PACC, Ezion to facilitate delivery of largest offshore facility ever made

Shell’s Prelude FLNG will leave on a two-month trip to Australia in June.

According to a report by OCBC, Shell’s Prelude FLNG, the world’s largest offshore facility ever constructed, is set to launch from Singapore in late June thanks to contributions by PACC Offshore Services Holdings, Ezion Holdings, and Samsung Heavy Industries. The facility is projected to arrive at its destination in Australia after a two-month journey.

This revolutionary vessel – bigger than the combined size of four football fields and six times the weight of the world’s largest aircraft carrier – compresses the sprawling mass of a traditional land-based LNG plant into a large custom-built barge as was the aim of Shell’s floating natural gas project. Petronas has already deployed the world’s first LNG facility in Malaysia, but Prelude will be far and away the largest.

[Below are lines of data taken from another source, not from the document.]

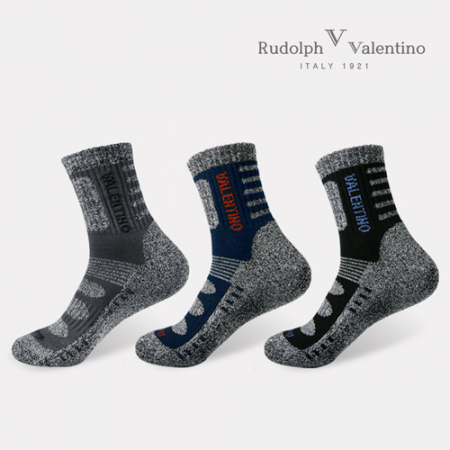 루돌프 발렌티노 중목 스포츠 쿠션 양말 (남) #2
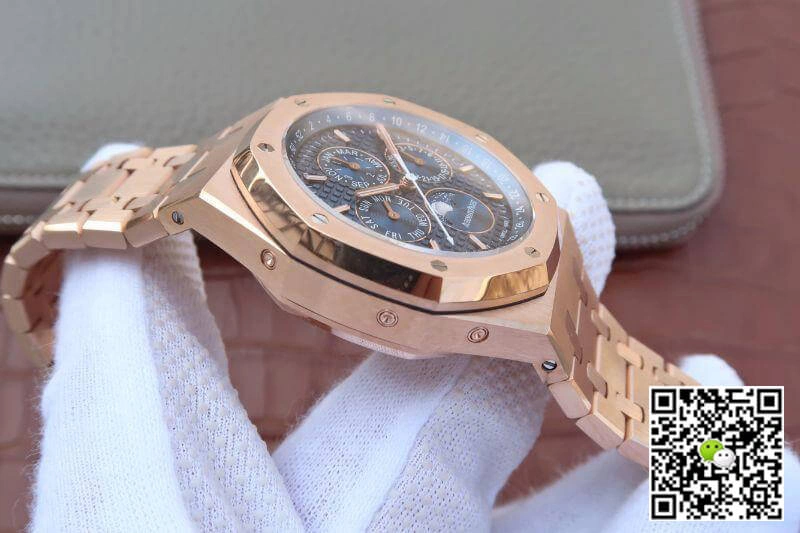 Audemars Piguet Royal Oak 26574OR.OO.1220OR.02 JF Factory 1:1 Best Edition Replica Watch Swiss ETA5134
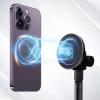 Golf Tripod & Monopod, Magnetic Golf Swing Phone Holder 54" Adjustable Aluminum, Golf Swing Training Aid Compatible with Magsafe iPhone Android Phones Camera GoPro view 2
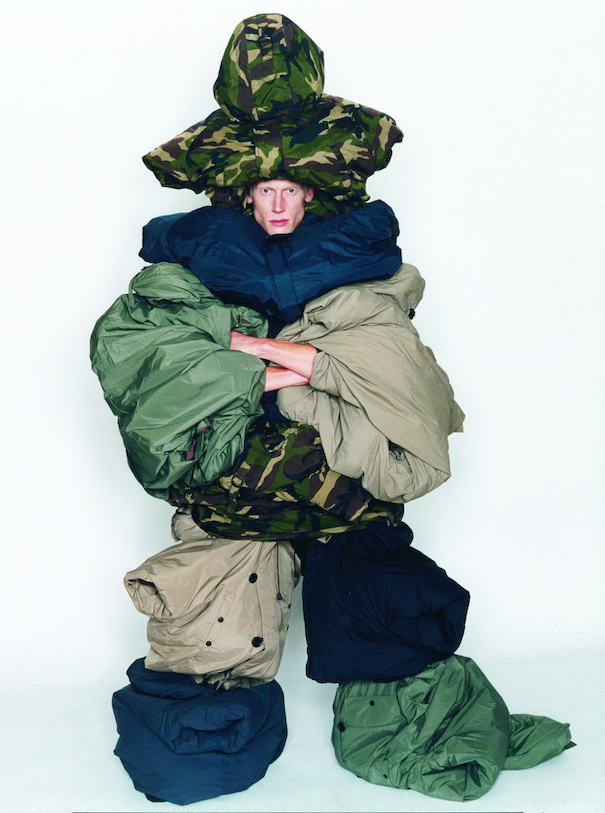 It’s a family affair_Featured Jacket Hat Blue Green Clothes Male Model White Background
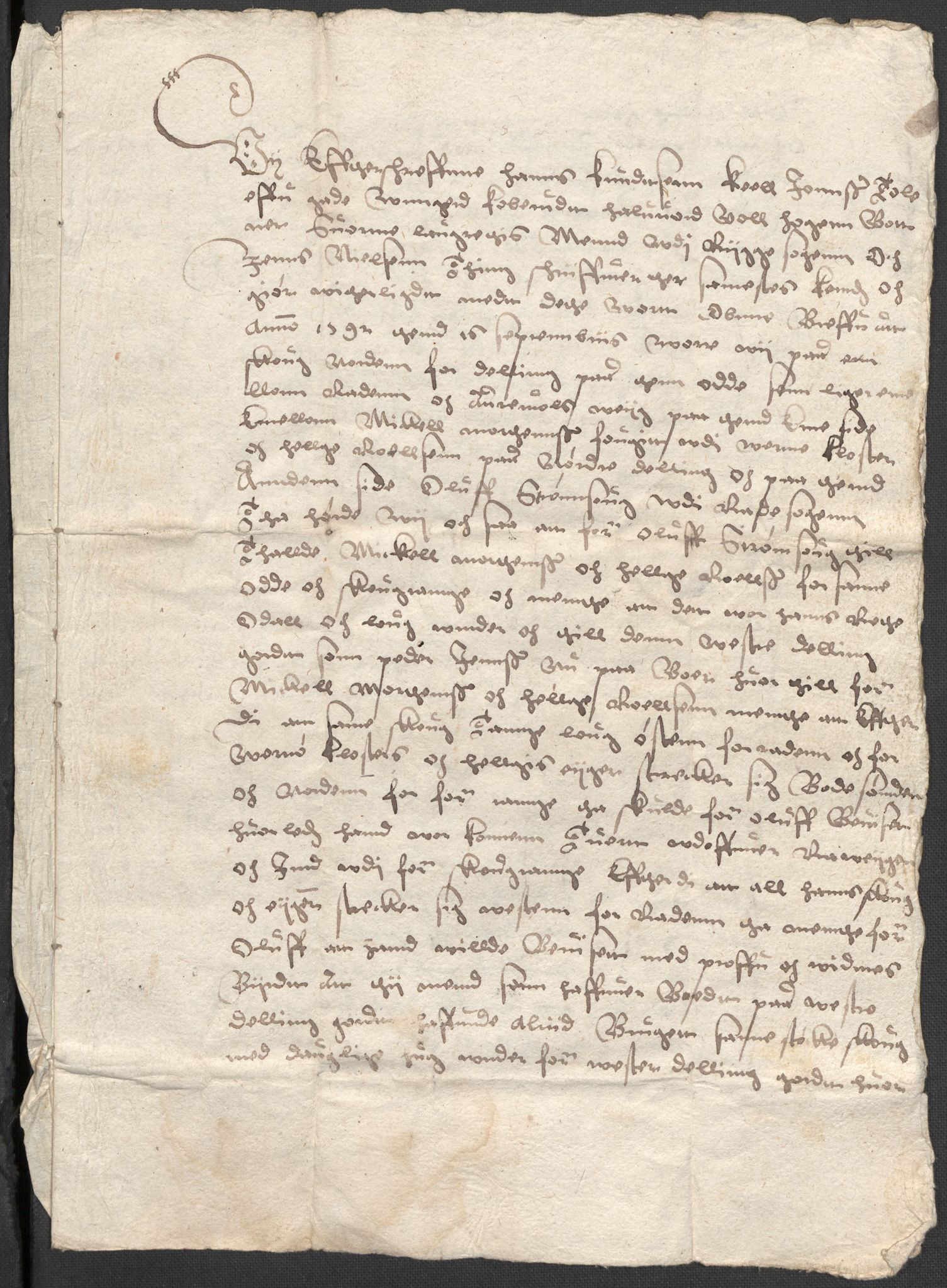 Riksarkivets diplomsamling, AV/RA-EA-5965/F12/L0004: Pk. 7 (I), 1490-1729, p. 55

Two local Singapore companies, PACC Offshore Services Holdings (POSH) and Ezion Holdings, will play a part in supporting this significant project. POSH Terasea, a 50-50 joint venture between POSH and Terasea Pte Ltd (in turn a venture between Ezion and Seabridge Marine Services) will be responsible for the 4800km tow from Samsung, and the positioning of the vessel at the Prelude field in Australia. POSH will also be providing its semi-submersible accommodation vessel POSH Arcadia to house up to 750 workers during the hook-up and commissioning phase, a huge undertaking that could take up to four months, according to Upstream’s sources. For the towing work, five vessels will be deployed – the AHT vessels Terasea Osprey, Terasea Falcon, Terasea Hawk and Terasea Eagle, plus the 16,000 BHP AHTS vessel POSH Champion.

Here’s more from OCBC:

Besides this, POSH Terasea is also scheduled for work for the INPEX Ichthys CPF and FPSO, as well as Egina FPSO unit. Hence after a relatively quiet 1Q17, POSH Terasea is expected to ramp up and remain busy for the rest of the year. This compares to net loss of USD7.8m ($10.8m) in 2016 and net profit of USD15.7m ($21.7m) in 2015. Meanwhile, the overall operating environment for the broader sector remains challenging, especially for the OSV segment and some parts of the offshore accommodation segment. We tweak our USD/SGD assumptions and our FV eases slightly from $0.335 to $0.325.